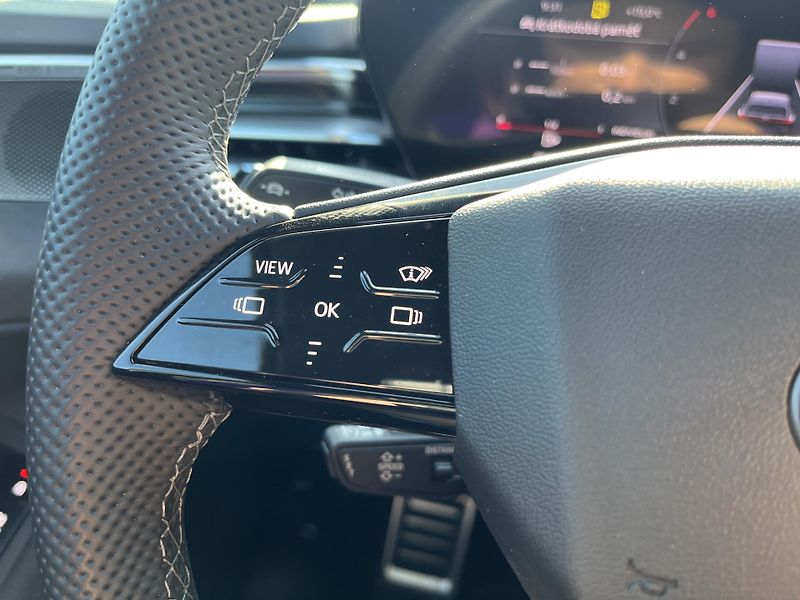Audi A5 Avant TDI quattro 150kW STR - fotka 17 z 24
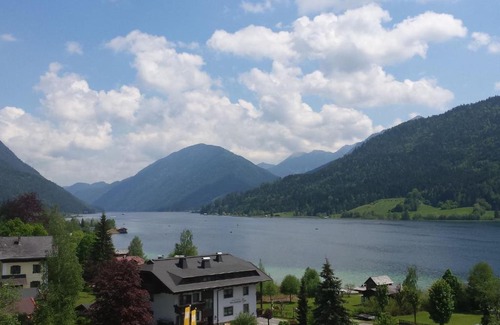 Neusach Apartment | Cosy Apartment in Weissensee near Ski Lift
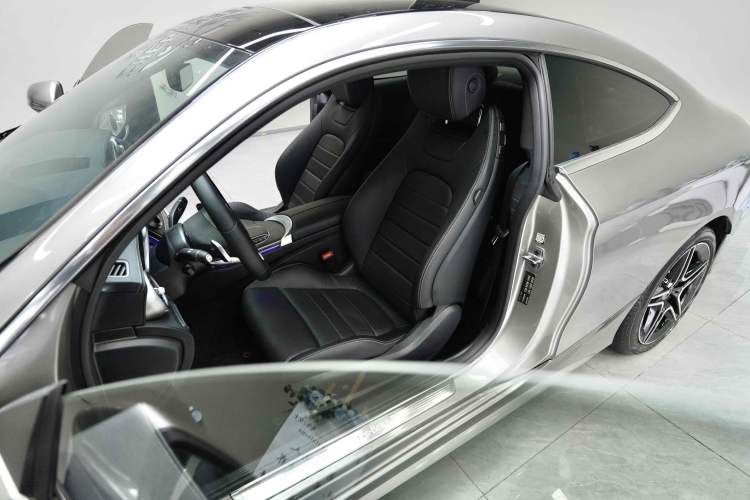 Used Mercedes-Benz C-Class 2020 C 260 Coupe Interior 5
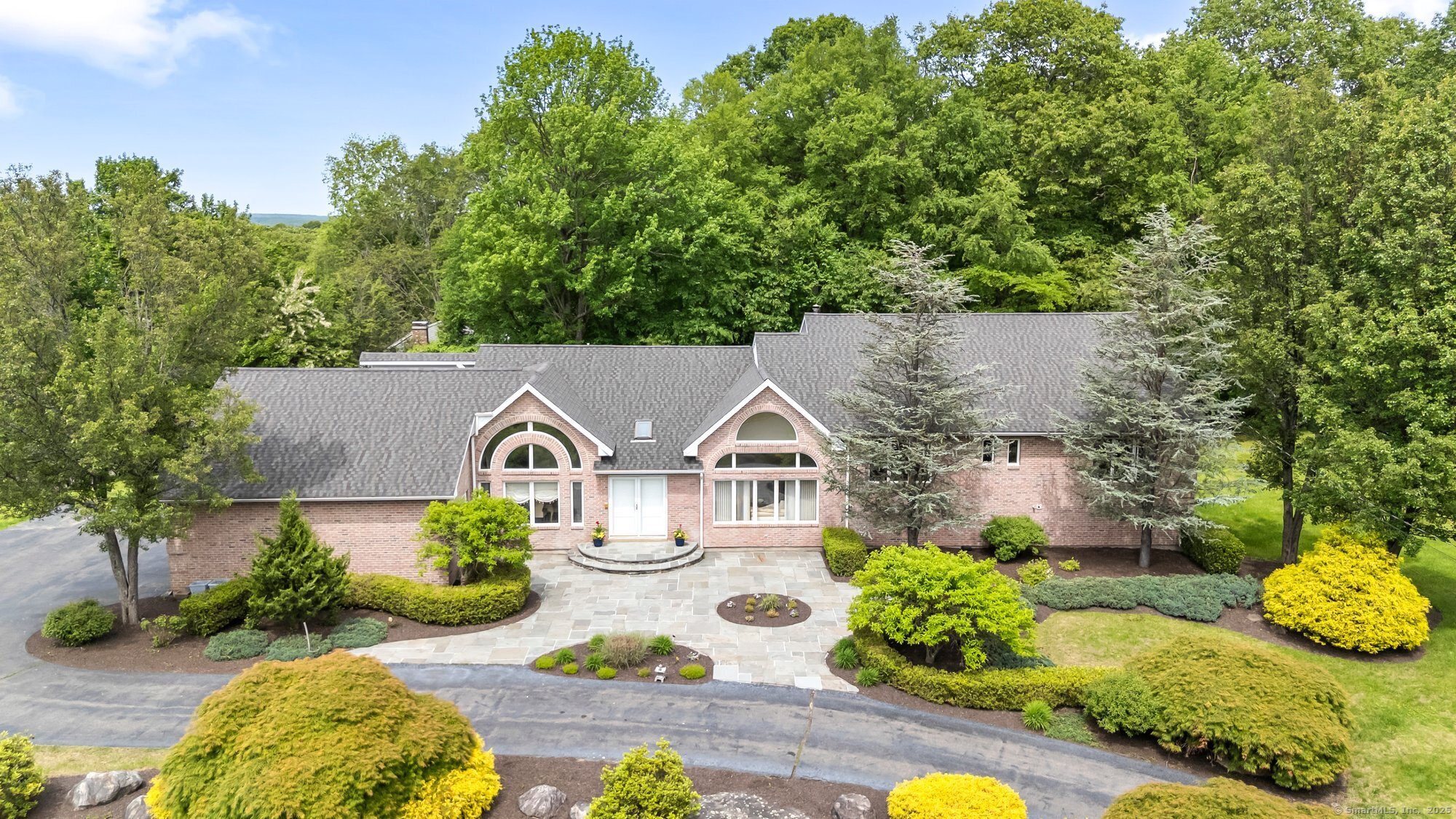 16 Timber Hill Road, Prospect, Connecticut image 1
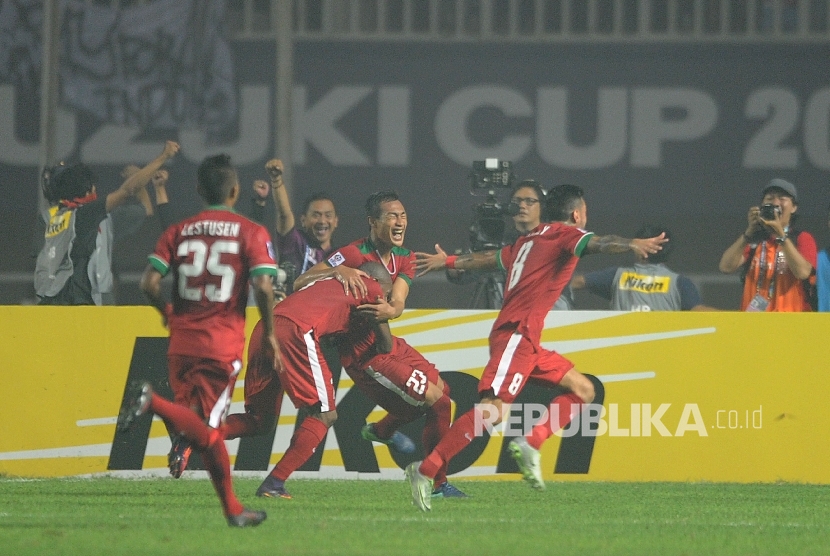   Pemain timnas Indonesia melakukan selebrasi seusai menjebol gawang timnas Thailand dalam laga final leg pertama piala AFF 2016 di Stadion Pakansari, Cibinong, Jawa Barat, Rabu (14/12).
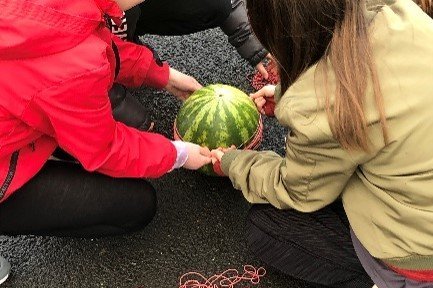 Sprengjusérfræðingar í Sandgerðisskóla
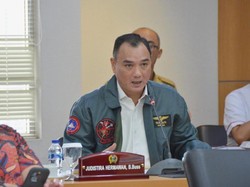 Golkar DKI Usul Bawa Tumbler saat Rapat demi Efisiensi APBD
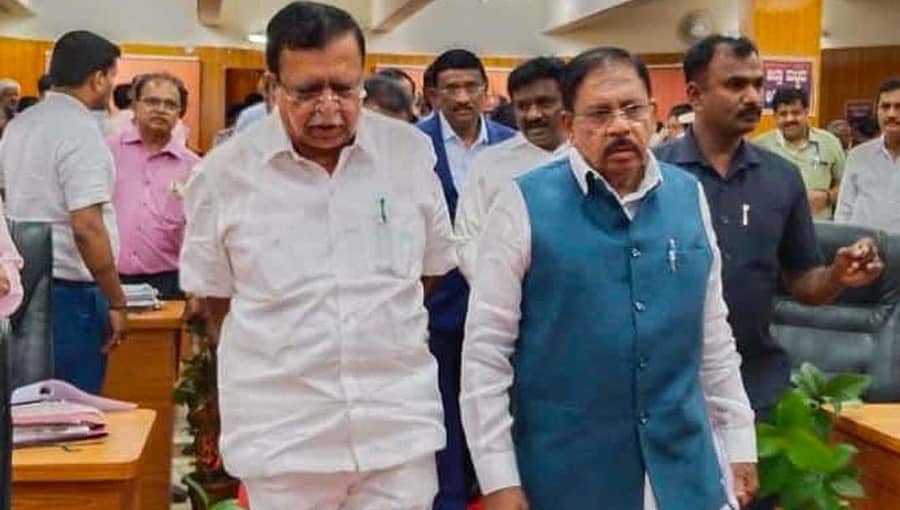 ಅನುದಾನ ಬಳಸಿ ಕುಡಿಯುವ ನೀರಿನ ಸಮಸ್ಯೆ ನಿವಾರಿಸಿ: ಸಚಿವ ಡಾ. ಜಿ.ಪರಮೇಶ್ವರ್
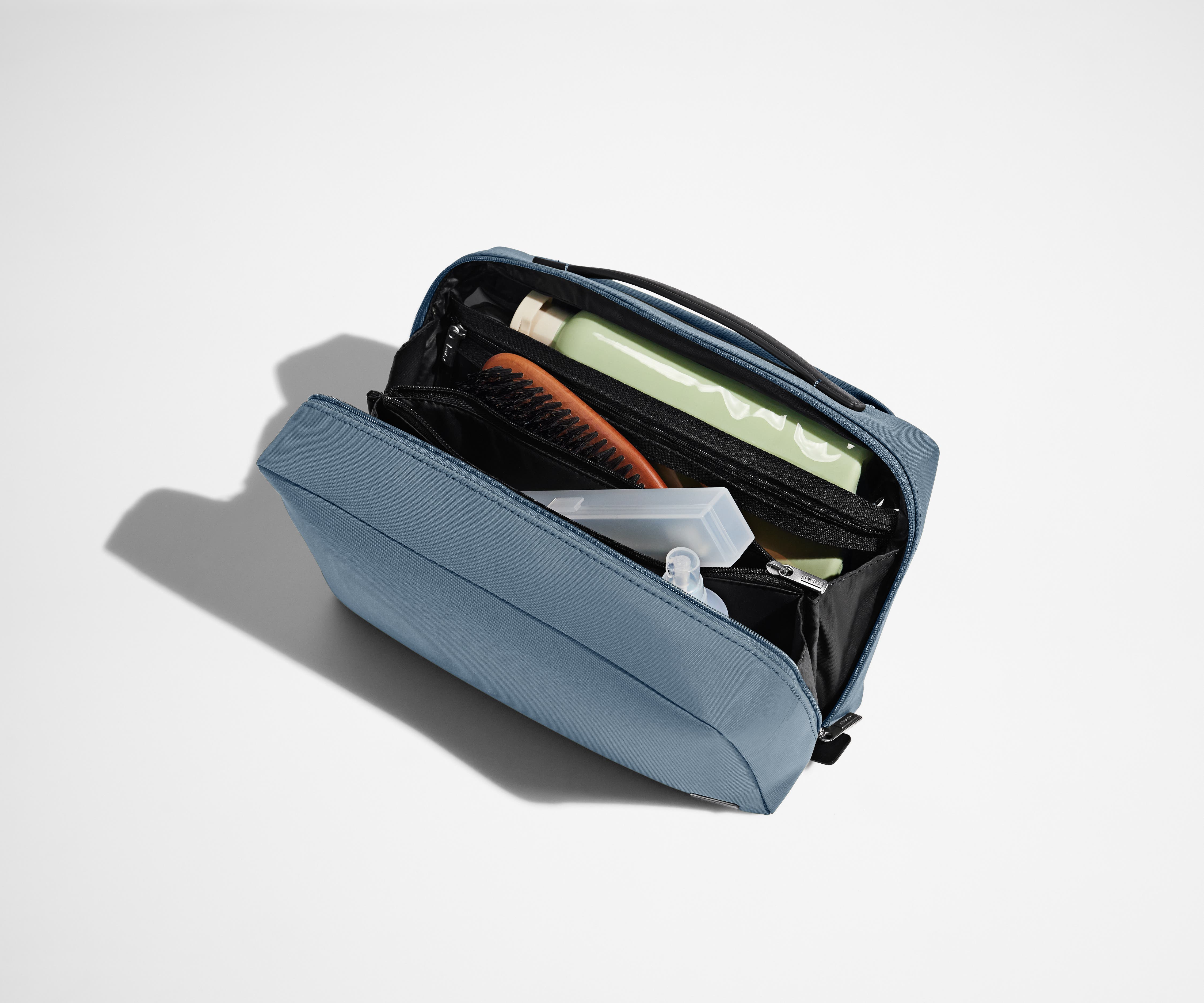 The Large Toiletry Bag in Coast Blue - Image 2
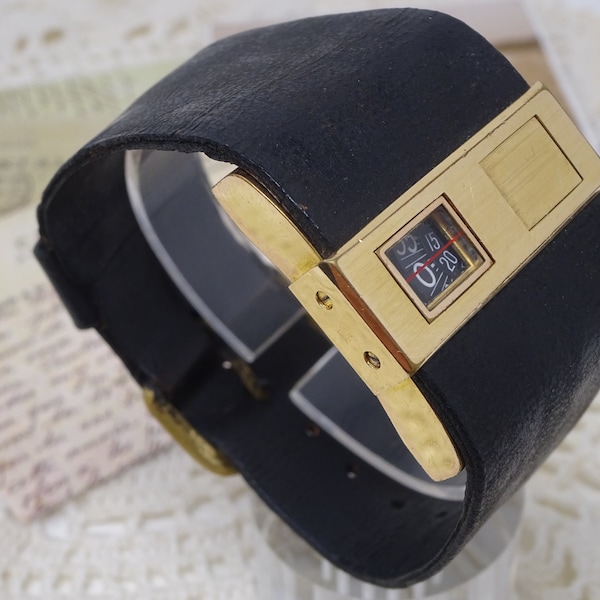 Gold Plated Digital Jump Mechanical Watch, Vintage Mens Wrist Watch, Very Rare Watch, Working, Antichoc, Mens Gift, 1970s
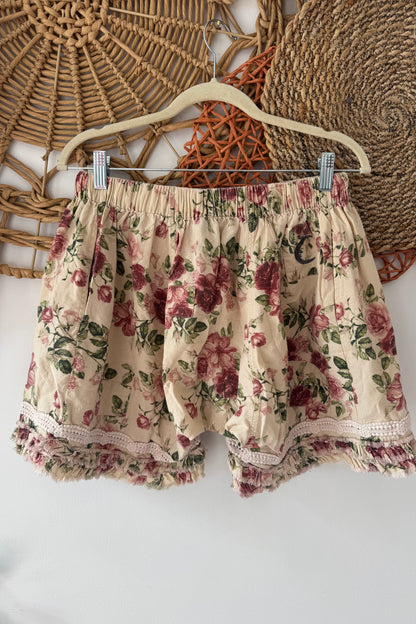 Full Bloom Floral Short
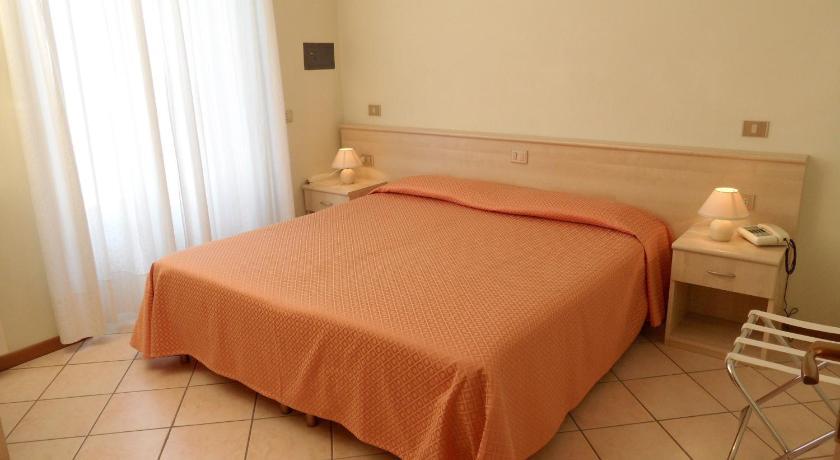 Casa Vacanze Touring Verbania Rum bild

----------------

Begin at the line in the entries above that has "Neusach Apartment |", stop after the line that has "The Large Toiletry", and output exactly those lines without pictures.

 Neusach Apartment | Cosy Apartment in Weissensee near Ski Lift
 Used Mercedes-Benz C-Class 2020 C 260 Coupe Interior 5
 16 Timber Hill Road, Prospect, Connecticut image 1
   Pemain timnas Indonesia melakukan selebrasi seusai menjebol gawang timnas Thailand dalam laga final leg pertama piala AFF 2016 di Stadion Pakansari, Cibinong, Jawa Barat, Rabu (14/12).
 Sprengjusérfræðingar í Sandgerðisskóla
 Golkar DKI Usul Bawa Tumbler saat Rapat demi Efisiensi APBD
 ಅನುದಾನ ಬಳಸಿ ಕುಡಿಯುವ ನೀರಿನ ಸಮಸ್ಯೆ ನಿವಾರಿಸಿ: ಸಚಿವ ಡಾ. ಜಿ.ಪರಮೇಶ್ವರ್
 The Large Toiletry Bag in Coast Blue - Image 2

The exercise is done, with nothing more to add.